### What to work on
Please give a word-for-word repeat of the line containing "Vendo casa no" and all lines that come after it in the entries below, ending at the last line.

########################################

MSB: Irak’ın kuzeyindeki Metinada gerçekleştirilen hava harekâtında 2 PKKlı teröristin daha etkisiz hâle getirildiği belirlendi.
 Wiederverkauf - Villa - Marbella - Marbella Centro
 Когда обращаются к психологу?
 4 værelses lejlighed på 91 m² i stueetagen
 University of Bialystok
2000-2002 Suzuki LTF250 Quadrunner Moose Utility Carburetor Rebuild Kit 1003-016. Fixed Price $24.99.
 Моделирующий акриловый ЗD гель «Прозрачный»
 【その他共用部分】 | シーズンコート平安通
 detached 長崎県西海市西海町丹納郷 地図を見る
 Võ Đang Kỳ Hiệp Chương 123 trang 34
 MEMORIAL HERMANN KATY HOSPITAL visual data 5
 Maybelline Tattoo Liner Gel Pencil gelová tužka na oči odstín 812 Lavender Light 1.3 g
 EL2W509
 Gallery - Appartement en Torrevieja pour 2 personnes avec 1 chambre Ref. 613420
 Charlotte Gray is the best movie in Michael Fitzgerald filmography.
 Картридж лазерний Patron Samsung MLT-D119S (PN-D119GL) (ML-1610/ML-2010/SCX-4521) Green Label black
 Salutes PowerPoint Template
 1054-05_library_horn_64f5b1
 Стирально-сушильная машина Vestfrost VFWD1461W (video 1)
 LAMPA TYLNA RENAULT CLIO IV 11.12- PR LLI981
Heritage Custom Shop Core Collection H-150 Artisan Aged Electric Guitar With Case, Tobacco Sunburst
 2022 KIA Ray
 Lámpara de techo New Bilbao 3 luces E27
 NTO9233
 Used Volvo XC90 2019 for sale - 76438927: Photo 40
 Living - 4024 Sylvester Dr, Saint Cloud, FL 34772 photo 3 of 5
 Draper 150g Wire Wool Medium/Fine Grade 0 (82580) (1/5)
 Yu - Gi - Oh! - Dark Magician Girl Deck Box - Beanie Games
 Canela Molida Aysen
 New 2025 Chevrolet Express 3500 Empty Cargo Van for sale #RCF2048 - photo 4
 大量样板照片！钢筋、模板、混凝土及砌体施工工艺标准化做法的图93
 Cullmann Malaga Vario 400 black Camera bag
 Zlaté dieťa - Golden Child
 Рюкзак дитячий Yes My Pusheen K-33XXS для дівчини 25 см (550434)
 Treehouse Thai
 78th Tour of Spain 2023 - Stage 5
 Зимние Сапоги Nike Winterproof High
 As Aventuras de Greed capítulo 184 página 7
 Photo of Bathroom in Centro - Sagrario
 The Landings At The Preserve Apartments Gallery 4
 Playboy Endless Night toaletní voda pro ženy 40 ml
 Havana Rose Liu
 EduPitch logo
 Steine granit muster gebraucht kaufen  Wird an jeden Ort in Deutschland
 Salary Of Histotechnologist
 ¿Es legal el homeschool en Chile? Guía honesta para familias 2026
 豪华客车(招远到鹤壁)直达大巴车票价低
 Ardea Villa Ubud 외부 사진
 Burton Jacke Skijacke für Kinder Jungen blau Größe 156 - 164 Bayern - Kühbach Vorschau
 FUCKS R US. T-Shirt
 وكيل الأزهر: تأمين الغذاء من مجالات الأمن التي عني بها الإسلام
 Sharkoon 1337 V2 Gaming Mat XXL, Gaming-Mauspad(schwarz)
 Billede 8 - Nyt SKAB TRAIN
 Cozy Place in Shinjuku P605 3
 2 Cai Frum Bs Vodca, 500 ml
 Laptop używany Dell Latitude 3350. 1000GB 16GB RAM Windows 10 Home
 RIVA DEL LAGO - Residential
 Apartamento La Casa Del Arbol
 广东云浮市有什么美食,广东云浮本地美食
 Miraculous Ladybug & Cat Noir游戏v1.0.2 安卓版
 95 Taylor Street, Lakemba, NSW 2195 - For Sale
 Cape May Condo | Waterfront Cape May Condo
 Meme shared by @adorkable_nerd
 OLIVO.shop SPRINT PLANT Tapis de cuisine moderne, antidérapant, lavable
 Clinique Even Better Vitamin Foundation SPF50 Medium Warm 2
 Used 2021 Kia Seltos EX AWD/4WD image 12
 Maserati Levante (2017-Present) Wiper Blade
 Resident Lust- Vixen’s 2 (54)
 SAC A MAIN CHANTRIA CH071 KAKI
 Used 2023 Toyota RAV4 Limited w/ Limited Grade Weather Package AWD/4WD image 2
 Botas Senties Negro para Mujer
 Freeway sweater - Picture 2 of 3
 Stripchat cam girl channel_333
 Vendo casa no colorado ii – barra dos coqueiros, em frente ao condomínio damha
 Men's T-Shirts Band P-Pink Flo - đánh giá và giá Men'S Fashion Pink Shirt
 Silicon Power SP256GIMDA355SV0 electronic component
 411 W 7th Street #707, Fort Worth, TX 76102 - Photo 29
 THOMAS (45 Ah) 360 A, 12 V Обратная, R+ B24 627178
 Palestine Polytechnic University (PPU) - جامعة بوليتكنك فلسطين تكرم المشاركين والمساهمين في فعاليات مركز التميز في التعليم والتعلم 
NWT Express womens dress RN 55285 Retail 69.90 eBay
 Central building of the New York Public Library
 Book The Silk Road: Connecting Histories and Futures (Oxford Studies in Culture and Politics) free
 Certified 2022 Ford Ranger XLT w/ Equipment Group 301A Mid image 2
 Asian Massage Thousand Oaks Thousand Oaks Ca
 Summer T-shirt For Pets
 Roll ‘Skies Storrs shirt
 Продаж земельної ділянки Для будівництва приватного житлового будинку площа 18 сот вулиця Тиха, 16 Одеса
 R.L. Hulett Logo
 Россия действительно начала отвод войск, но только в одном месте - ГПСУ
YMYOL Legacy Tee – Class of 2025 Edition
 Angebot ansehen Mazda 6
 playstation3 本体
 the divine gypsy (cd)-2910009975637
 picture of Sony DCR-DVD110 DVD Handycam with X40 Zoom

########################################

### Answer section
 Vendo casa no colorado ii – barra dos coqueiros, em frente ao condomínio damha
 Men's T-Shirts Band P-Pink Flo - đánh giá và giá Men'S Fashion Pink Shirt
 Silicon Power SP256GIMDA355SV0 electronic component
 411 W 7th Street #707, Fort Worth, TX 76102 - Photo 29
 THOMAS (45 Ah) 360 A, 12 V Обратная, R+ B24 627178
 Palestine Polytechnic University (PPU) - جامعة بوليتكنك فلسطين تكرم المشاركين والمساهمين في فعاليات مركز التميز في التعليم والتعلم 
NWT Express womens dress RN 55285 Retail 69.90 eBay
 Central building of the New York Public Library
 Book The Silk Road: Connecting Histories and Futures (Oxford Studies in Culture and Politics) free
 Certified 2022 Ford Ranger XLT w/ Equipment Group 301A Mid image 2
 Asian Massage Thousand Oaks Thousand Oaks Ca
 Summer T-shirt For Pets
 Roll ‘Skies Storrs shirt
 Продаж земельної ділянки Для будівництва приватного житлового будинку площа 18 сот вулиця Тиха, 16 Одеса
 R.L. Hulett Logo
 Россия действительно начала отвод войск, но только в одном месте - ГПСУ
YMYOL Legacy Tee – Class of 2025 Edition
 Angebot ansehen Mazda 6
 playstation3 本体
 the divine gypsy (cd)-2910009975637
 picture of Sony DCR-DVD110 DVD Handycam with X40 Zoom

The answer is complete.